Look at Venezuela, for example. That nation did not collapse into utter poverty out of weakness of its institutions or because of the greed of a few. When socialism was first instituted in Venezuela, it was done in the name of the poor and in the name of providing affordable and nutritious food to the poor through price controls on food and on farm products.
And Venezuela did not fail because money was stolen or its economy sabotaged or because a few weak actors were unable to control themselves.
Venezuela’s economy unwound in a rather easy to predict fashion, in the same way that Cuba’s economy unwound, in the same way that Russia’s economy unwound under the Soviet Union.
Price controls destroyed price signaling. Farmers, unable to understand or predict what products to grow, were told what to grow by the government and how much to charge for their products.
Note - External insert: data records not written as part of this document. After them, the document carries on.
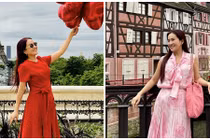 Vợ hơn tuổi của Bình Minh khoe vẻ trẻ trung ở Pháp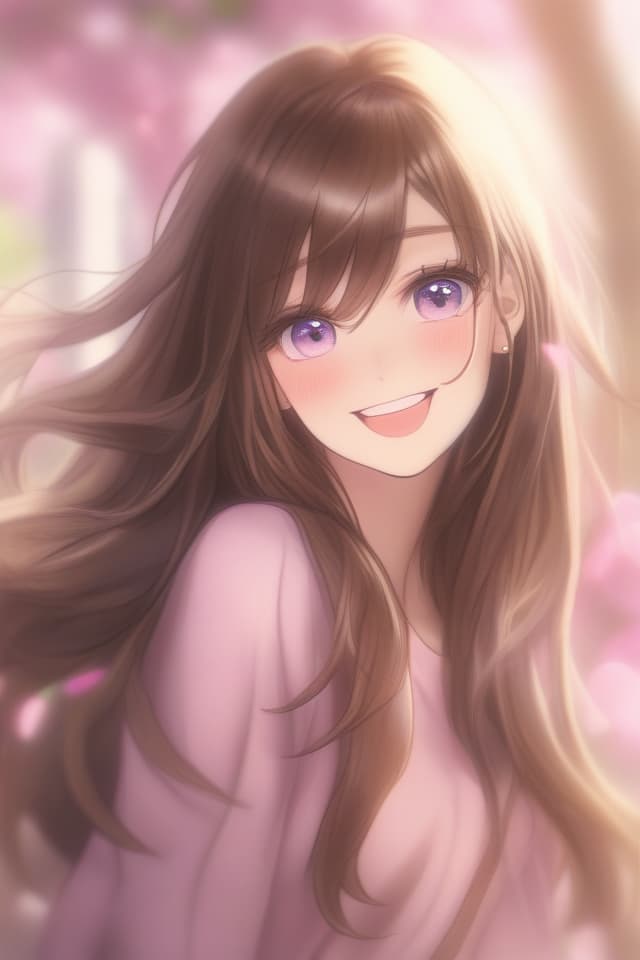  Parker, brown hair, long hair, girl, gentle, pink eyes, smiles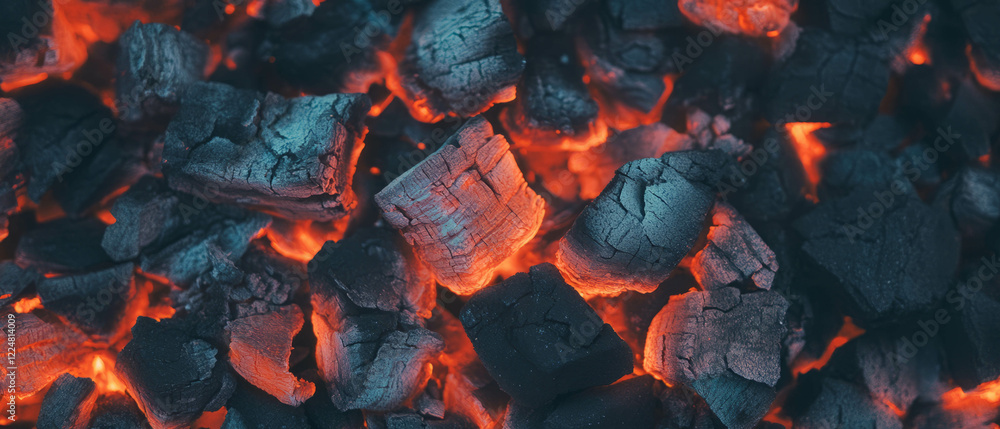 Aufkleber intense burning embers creating a fiery core glow against a dark background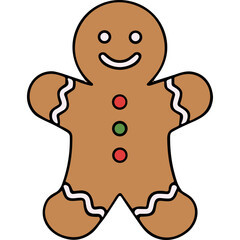 Gingerbread man cookie with icing and candy buttons on a black background perfect for holiday celebrations and baking themes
Those predictions often failed for two reasons: either the production targets were wrong (as the government cannot guess what people will want to consume), or because crop failures (which happen all the time throughout the world; today in the United States we’re suffering a crop failure in yellow corn thanks to flooding in the Midwest).
These failures and shortages cannot be signaled to the outside world through higher prices. (For the United States, yellow corn prices will go up, causing consumers to use alternative products, so you may not even know there is a severe yellow corn shortage unless you’re a farmer in the Midwest.)
So instead, you see shortages. Farmers who cannot benefit from higher prices from what crops they can save wind up being paid less–and below a certain amount and farmers wind up simply not being able to afford seed and fertilizer and farm equipment repairs for next year’s crops. If the government intervenes, it has to resort to borrowing money–which can last for a little while until they are forced (through further crop failure cycles) to default on those loans.
And once a country defaults on its loans in a centrally managed economy, extreme starvation is not far behind.
To say this can’t happen somewhere like the United States with our unimaginable wealth is to deny the inevitability of Socialism to destroy an economy through destroying price signaling. It’s to deny the law of gravity–to suggest we can all fly if we just wish hard enough.
It’s why I believe anyone who proclaims themselves a Socialist is an idiot.
Because either they’re thinking of the wrong definition of that word. Or because they truly believe if we wish hard enough we can defy the law of gravity and all live amongst the clouds like angels.